__What you will do__:
The lines to extract run from the first line of the entries through the line that contains "Once you've done"; reproduce exactly those lines and no others.

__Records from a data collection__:

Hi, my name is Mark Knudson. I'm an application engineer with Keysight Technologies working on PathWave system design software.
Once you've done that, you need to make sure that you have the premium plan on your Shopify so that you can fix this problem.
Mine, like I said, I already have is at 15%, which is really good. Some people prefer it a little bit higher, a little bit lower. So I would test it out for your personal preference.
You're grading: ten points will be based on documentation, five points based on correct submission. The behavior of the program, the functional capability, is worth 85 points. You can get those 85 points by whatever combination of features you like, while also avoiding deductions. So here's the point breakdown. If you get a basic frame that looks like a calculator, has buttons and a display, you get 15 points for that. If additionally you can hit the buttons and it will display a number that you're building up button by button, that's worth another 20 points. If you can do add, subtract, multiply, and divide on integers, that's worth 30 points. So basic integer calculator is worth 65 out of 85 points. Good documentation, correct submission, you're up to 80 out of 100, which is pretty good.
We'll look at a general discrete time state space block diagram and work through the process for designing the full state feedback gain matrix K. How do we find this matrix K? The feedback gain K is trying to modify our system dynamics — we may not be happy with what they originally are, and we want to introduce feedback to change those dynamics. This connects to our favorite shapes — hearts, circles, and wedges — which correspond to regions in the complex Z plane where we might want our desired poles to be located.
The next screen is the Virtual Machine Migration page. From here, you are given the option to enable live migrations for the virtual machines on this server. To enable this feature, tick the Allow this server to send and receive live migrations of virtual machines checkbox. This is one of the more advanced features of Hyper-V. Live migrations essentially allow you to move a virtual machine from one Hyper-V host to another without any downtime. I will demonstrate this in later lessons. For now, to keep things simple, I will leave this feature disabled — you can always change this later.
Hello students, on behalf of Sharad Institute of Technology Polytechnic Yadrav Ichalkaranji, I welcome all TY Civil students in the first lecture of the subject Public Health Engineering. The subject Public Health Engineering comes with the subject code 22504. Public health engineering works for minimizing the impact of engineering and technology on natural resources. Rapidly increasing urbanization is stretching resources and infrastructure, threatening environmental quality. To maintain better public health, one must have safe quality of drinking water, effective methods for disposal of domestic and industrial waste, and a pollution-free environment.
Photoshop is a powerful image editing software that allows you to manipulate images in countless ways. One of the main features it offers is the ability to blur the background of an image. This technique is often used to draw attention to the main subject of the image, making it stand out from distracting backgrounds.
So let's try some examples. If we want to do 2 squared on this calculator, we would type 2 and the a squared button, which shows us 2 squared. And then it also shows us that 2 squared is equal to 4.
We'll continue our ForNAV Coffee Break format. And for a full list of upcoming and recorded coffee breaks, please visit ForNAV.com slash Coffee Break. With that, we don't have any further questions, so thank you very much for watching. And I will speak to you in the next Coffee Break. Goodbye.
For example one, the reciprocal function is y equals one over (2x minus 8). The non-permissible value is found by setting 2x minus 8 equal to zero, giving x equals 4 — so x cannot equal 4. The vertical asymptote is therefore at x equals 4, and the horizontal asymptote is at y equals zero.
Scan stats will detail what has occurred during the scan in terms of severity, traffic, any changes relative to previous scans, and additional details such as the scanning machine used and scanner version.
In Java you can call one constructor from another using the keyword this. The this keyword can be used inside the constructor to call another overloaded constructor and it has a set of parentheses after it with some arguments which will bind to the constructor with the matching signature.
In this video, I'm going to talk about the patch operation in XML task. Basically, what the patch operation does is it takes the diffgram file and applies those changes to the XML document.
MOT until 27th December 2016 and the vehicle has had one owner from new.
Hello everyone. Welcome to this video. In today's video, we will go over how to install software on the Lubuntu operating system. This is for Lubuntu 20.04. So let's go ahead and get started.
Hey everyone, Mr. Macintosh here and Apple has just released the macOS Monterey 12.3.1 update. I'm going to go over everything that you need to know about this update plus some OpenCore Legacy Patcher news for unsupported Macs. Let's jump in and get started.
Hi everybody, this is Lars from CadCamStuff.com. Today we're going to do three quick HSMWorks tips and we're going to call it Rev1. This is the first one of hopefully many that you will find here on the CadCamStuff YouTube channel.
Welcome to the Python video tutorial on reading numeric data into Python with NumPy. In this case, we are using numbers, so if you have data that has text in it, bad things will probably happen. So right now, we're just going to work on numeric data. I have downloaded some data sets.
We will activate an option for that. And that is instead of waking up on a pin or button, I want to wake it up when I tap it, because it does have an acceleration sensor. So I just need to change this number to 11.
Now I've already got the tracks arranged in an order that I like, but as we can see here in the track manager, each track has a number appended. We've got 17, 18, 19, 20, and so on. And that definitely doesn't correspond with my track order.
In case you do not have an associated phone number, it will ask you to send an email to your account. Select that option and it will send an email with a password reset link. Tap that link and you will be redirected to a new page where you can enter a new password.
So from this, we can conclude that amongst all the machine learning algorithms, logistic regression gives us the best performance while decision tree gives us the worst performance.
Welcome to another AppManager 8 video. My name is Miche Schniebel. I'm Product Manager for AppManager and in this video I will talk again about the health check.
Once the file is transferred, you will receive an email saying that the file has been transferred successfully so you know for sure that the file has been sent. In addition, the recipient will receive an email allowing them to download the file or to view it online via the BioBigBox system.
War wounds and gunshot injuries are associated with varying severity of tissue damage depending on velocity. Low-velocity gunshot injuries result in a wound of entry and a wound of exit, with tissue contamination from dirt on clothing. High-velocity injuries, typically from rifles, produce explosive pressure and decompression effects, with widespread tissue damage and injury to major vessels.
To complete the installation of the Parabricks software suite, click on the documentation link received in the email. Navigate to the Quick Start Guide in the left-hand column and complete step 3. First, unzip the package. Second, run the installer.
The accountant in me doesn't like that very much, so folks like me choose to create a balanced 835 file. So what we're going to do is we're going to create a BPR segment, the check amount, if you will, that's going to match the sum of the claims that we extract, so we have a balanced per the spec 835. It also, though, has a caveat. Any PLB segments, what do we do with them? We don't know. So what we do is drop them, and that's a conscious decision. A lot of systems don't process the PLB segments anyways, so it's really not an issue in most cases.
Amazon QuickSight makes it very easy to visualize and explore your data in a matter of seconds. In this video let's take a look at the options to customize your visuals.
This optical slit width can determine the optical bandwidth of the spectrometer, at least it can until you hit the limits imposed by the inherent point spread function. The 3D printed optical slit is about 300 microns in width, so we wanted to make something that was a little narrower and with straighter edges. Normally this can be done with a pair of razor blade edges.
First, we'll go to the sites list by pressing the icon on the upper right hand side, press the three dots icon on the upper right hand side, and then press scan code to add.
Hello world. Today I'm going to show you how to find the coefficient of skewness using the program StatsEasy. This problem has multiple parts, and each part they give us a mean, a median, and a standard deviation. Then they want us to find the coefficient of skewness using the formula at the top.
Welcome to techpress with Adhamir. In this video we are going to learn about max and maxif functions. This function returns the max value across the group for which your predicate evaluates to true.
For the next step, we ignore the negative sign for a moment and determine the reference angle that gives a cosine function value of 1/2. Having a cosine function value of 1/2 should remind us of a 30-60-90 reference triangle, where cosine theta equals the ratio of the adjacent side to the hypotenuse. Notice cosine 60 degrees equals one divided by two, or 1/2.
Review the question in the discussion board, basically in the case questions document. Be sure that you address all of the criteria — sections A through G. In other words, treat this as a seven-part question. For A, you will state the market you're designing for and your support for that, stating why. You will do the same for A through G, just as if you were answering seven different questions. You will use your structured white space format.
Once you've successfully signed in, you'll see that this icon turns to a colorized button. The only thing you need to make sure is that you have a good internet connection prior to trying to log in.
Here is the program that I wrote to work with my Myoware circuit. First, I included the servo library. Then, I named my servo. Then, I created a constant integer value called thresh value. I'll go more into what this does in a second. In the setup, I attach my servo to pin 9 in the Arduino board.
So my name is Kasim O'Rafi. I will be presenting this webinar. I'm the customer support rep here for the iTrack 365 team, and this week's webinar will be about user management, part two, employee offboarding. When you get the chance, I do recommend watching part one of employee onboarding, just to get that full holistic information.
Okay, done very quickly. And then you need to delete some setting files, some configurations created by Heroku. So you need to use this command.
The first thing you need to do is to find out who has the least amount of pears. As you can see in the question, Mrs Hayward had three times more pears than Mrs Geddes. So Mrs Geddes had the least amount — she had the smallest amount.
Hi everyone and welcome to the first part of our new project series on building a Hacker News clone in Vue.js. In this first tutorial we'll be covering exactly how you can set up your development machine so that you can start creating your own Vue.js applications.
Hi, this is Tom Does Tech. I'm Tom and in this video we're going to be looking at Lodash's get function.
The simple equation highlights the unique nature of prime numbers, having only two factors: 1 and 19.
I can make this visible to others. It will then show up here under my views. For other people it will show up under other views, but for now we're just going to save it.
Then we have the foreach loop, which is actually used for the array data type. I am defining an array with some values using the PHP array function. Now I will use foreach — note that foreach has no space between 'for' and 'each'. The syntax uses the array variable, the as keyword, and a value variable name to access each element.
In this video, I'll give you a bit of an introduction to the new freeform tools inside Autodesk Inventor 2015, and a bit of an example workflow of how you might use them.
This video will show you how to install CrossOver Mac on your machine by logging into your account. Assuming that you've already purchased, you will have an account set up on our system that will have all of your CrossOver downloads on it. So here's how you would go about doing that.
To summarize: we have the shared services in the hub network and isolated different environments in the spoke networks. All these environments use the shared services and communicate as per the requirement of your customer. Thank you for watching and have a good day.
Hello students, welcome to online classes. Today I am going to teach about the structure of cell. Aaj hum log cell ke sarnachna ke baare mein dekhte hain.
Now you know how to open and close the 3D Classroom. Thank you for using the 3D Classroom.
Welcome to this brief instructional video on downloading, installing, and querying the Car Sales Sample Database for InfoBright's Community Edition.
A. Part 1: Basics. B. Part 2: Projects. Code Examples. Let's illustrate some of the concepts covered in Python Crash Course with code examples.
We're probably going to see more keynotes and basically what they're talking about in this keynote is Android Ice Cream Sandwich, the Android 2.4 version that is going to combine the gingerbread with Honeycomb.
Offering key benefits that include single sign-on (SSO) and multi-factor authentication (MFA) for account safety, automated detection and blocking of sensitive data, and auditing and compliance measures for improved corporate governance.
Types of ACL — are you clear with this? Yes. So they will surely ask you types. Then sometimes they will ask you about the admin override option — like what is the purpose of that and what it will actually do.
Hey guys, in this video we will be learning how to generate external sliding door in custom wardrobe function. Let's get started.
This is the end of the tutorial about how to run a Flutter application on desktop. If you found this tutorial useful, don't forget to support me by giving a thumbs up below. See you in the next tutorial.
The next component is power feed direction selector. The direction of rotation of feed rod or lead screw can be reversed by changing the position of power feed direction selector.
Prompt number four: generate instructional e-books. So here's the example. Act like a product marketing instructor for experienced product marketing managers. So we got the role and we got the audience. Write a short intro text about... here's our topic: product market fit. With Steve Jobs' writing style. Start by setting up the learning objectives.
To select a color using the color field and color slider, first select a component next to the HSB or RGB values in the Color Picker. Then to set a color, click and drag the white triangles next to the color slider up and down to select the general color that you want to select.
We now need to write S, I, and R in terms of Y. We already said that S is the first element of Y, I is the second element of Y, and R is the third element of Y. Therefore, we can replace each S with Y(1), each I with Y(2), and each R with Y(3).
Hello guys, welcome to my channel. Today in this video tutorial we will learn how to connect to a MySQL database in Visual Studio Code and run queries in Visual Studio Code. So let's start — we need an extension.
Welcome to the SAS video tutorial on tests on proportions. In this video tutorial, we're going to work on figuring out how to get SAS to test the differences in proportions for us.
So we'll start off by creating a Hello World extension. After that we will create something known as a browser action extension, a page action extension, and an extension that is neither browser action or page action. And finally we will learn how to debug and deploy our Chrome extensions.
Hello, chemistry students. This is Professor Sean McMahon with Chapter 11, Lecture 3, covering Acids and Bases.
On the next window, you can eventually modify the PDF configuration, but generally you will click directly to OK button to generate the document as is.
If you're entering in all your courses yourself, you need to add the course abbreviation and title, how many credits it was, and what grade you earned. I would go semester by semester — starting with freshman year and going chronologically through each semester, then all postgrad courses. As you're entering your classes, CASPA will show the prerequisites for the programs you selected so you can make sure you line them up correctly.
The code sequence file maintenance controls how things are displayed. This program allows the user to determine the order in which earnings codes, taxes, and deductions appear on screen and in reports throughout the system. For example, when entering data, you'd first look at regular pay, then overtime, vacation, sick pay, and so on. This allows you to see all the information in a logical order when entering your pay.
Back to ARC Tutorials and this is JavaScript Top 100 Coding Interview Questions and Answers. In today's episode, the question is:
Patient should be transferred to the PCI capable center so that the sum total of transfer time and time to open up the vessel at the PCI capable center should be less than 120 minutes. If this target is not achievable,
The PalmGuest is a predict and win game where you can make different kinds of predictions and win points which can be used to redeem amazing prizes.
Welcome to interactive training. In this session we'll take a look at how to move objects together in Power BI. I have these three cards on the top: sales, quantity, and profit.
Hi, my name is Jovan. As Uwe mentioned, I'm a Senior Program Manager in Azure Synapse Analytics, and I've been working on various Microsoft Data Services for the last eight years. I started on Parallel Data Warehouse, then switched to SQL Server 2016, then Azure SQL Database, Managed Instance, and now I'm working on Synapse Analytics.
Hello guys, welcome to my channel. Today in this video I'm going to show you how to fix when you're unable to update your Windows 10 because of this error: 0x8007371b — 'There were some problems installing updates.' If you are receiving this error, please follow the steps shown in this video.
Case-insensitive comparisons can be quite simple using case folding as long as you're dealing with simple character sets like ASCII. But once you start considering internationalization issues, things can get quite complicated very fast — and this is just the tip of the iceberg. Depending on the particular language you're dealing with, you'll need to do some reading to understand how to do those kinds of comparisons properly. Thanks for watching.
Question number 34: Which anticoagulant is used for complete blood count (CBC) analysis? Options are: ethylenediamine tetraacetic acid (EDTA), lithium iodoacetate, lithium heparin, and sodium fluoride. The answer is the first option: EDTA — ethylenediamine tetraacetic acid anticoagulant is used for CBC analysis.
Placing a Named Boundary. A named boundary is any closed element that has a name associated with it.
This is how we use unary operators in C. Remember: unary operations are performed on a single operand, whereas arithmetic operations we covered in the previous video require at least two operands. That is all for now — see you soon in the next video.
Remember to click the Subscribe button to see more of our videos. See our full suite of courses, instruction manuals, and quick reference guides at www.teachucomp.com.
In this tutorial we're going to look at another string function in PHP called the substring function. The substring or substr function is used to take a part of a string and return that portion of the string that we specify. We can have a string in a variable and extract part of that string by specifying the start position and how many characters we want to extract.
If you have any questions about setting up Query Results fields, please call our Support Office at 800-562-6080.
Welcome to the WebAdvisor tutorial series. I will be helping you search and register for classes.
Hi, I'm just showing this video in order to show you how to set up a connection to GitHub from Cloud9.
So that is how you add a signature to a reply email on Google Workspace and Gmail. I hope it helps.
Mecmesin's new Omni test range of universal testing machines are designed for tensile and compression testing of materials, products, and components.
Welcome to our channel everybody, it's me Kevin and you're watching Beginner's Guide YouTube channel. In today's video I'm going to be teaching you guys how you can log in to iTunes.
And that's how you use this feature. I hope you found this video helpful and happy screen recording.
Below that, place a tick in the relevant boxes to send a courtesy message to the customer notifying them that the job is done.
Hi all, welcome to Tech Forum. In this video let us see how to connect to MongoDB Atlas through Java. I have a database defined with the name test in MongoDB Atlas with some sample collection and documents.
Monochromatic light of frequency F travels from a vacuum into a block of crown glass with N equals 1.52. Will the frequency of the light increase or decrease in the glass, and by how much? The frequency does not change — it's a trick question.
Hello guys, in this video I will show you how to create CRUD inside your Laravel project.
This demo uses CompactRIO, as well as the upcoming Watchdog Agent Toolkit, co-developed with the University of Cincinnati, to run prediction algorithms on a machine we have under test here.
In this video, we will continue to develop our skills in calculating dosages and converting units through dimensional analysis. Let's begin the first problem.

__Exercise output__:
Hi, my name is Mark Knudson. I'm an application engineer with Keysight Technologies working on PathWave system design software.
Once you've done that, you need to make sure that you have the premium plan on your Shopify so that you can fix this problem.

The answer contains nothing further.